[Nut-upsdev] Addition to draft-rprice-ups-management-protocol-05 - IP addressing lockdown and encryption

Ted Mittelstaedt tedm at mittelstaedt.us
Tue Dec 28 19:17:49 GMT 2021

Section 6.4 needs some work.  I think you need to renumber it as follows:

6.4.1  to to to

6.4.2 to

6.4.3 to

6.4.4 to

6.4.5 to 6.4.2

The reason this needs to be done is you are saying in 6.4 that UPS 
management "needs to move to a more secure practice in which all traffic 
is encrypted"

In an RFC standards document this wishy hand-waving wording isn't 
allowed, what you are hinting at here is a "MUST" directive but not 
coming out and using the MUST keyword.  That is, what this section is 
proposing is that the final RFC requires encryption - so that programs 
that do NOT implement encryption are NOT fully compliant.

Setting aside for the moment the discussion of whether you agree the RFC 
should require this (I do not BTW) the existing sections are of 2 
flavors - the first flavor is "ways to implement encryption" and the 
second flavor is basically a laundry list of ways to protect traffic in 
a non-encrypted manner.

Section 6.4 is conflating the encryption and non-encryption flavors 
together under a paragraph that says management data MUST be encrypted.  
This makes no logical sense

Renumbering is a way of separating the encryption/non encryption flavors.

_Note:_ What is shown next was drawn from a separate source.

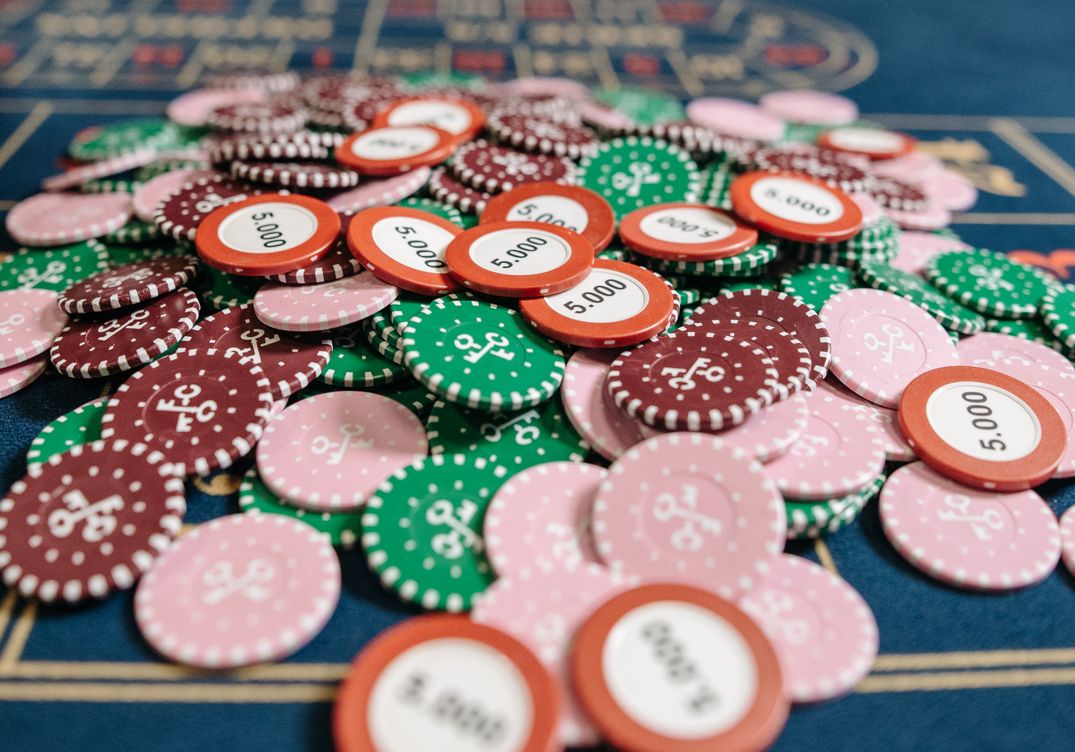 Online Casino: Spielautomaten und Live-Spiele im Überblick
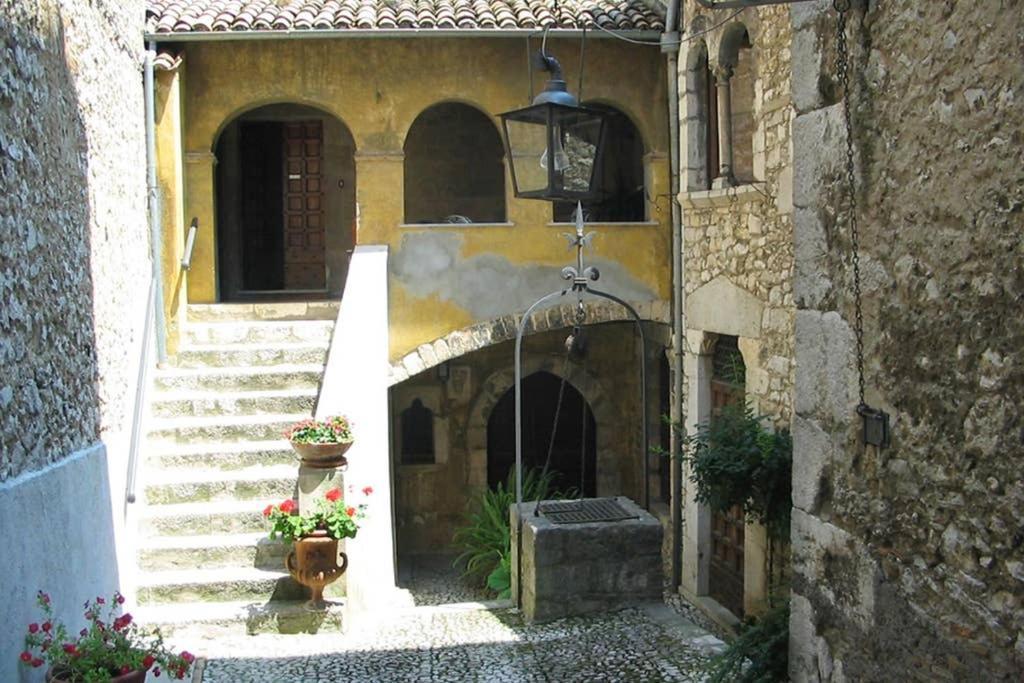 Domus - Casa Vacanza B&B Veroli Exterior foto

I also propose adding saying the following:

A fifth option would be to incorporate a configuration directive in the 
ups daemon program that would allow the admin to set a list of IP 
addresses that are permitted to send commands to the UPS daemon.  
Addresses would allow for read-only or read-send configuration 
directives.  This could also be accomplished with less granularity via 
the use of firewall entries on the hosts.

Now as for the 6.4 section, I disagree with making encryption a 
requirement.  Just like SMTP traffic encryption should ALWAYS be an 
option.  The draft RFC swings back and forth on this, and this kind of 
requirement absolutely needs discussion in any case.

I don't believe you are going to get an RFC that mandates encryption for 
interhost communication no matter how much you want it, people have been 
holding their breath turning blue in the face and jumping up and down 
trying to force SMTP to have mandated encryption for years and have not 
gotten their way on it.  So don't even open the door to that.  You can 
satisfy the large corps who want encryption by standardizing encryption 
in the RFC and making it optional and the small orgs and individuals who 
don't need encryption and don't want the bother of it by making it optional.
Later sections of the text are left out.